═════ EXERCISE DATA ═════

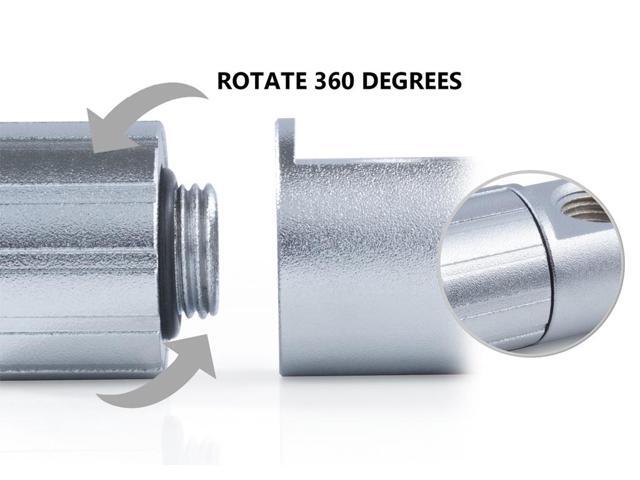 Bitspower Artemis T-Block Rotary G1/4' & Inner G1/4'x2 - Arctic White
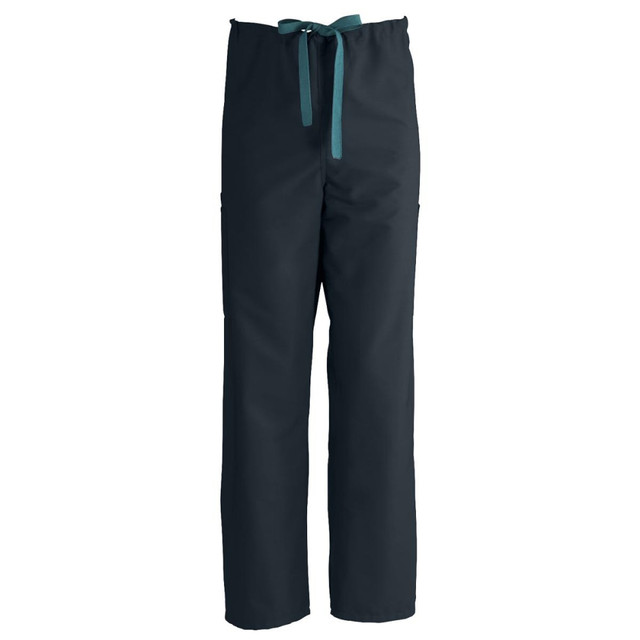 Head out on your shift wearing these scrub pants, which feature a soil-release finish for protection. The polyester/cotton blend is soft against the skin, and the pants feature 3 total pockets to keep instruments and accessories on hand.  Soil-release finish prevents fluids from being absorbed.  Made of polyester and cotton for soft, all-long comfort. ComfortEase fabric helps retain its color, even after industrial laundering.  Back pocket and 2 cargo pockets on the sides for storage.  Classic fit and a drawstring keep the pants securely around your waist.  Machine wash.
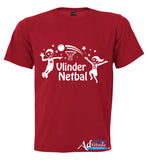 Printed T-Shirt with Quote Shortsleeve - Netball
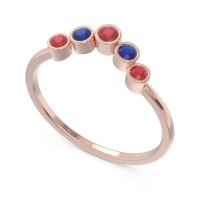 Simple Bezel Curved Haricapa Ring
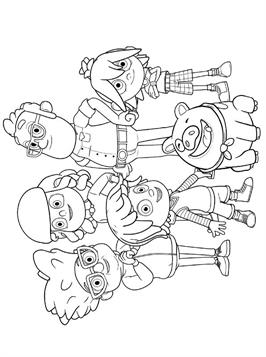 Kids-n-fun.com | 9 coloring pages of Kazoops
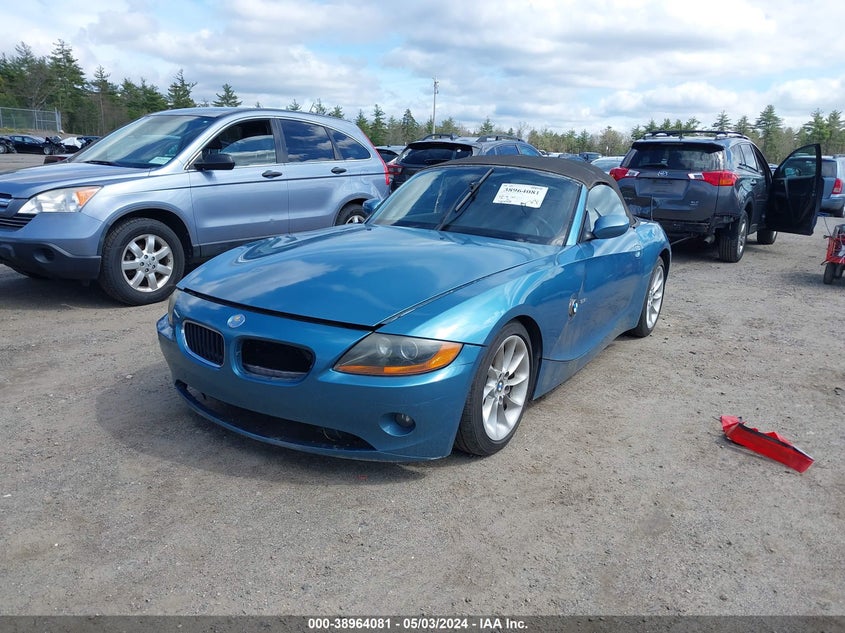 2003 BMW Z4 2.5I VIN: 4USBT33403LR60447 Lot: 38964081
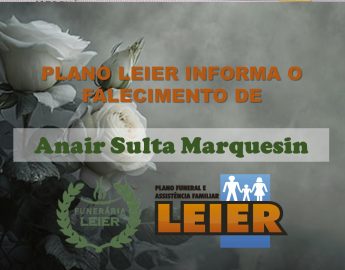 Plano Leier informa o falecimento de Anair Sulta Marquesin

═════

WHAT YOU NEED TO DO ▸ Make an exact copy of the lines of the records from the line containing "Printed T-Shirt with" through the final line, both ends included, but not of the pictures.

SOLUTION FOR THIS EXERCISE ▸
 Printed T-Shirt with Quote Shortsleeve - Netball
 Simple Bezel Curved Haricapa Ring
 Kids-n-fun.com | 9 coloring pages of Kazoops
 2003 BMW Z4 2.5I VIN: 4USBT33403LR60447 Lot: 38964081
 Plano Leier informa o falecimento de Anair Sulta Marquesin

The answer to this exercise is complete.